The northeast wall of Chakragil Peak (6,760 m) and the north wall of Eastern Chakragil Peak (6,501 m) rise above the glade (2,900 m a.s.l.) in the pocket of the left moraine of the Oytag Glacier. The elevation gain is more than 3600 m. From the glade, these peaks look truly magnificent. On the glade among spruce forest, there is a recreation area with a paid entrance. There is an observation deck and many stalls with food and souvenirs. There is a road to the glade along the valley of the Oytag River.

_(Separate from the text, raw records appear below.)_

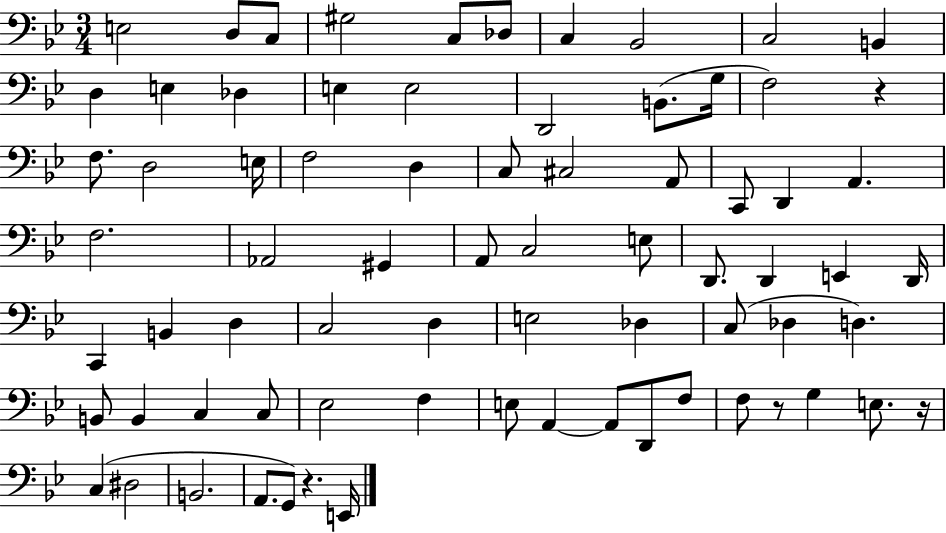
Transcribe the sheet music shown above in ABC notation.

X:1
T:Untitled
M:3/4
L:1/4
K:Bb
E,2 D,/2 C,/2 ^G,2 C,/2 _D,/2 C, _B,,2 C,2 B,, D, E, _D, E, E,2 D,,2 B,,/2 G,/4 F,2 z F,/2 D,2 E,/4 F,2 D, C,/2 ^C,2 A,,/2 C,,/2 D,, A,, F,2 _A,,2 ^G,, A,,/2 C,2 E,/2 D,,/2 D,, E,, D,,/4 C,, B,, D, C,2 D, E,2 _D, C,/2 _D, D, B,,/2 B,, C, C,/2 _E,2 F, E,/2 A,, A,,/2 D,,/2 F,/2 F,/2 z/2 G, E,/2 z/4 C, ^D,2 B,,2 A,,/2 G,,/2 z E,,/4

The easiest way that would bring you the deepest into the Ulugarttag is from Kashgar through the east of the Gozdarya Valley along its left tributary Oytag. Once you cross the bridge over the Oytag River, turn right from Karakoram Highway and take a good dirt road to the recreation area at the Oytag and Bul-Ush glaciers at the foot of the northeast wall of Chakragil Peak. You can stop earlier, there is a path from the mouth of Atoynakjilga river, along its valley to the Left and Right Atoynak Glaciers.
There is another easy access to the southwestern slopes of the Ulugarttag Range. The Karakorum Highway leads to the confluence of Kengshibersu and Mojisu rivers. It takes about 3 hours by car from Kashgar to this place. A dirt road leads to the river valley behind the bridge over the Mojisu. You can go to the Kingtau from this point as well.
It is more difficult to travel from Kashgar to the foot of the northeastern spurs of the Ulugarttag. Once you pass the town of Upal, turn right from the Karakoram Highway and take a rather worn-down dirt road, accessible only for off-road vehicles, to the entrance of the Yelchimuinaksu River valley. This valley has many branches and is deeply cut into the mountains, so it is very convenient to enter the area.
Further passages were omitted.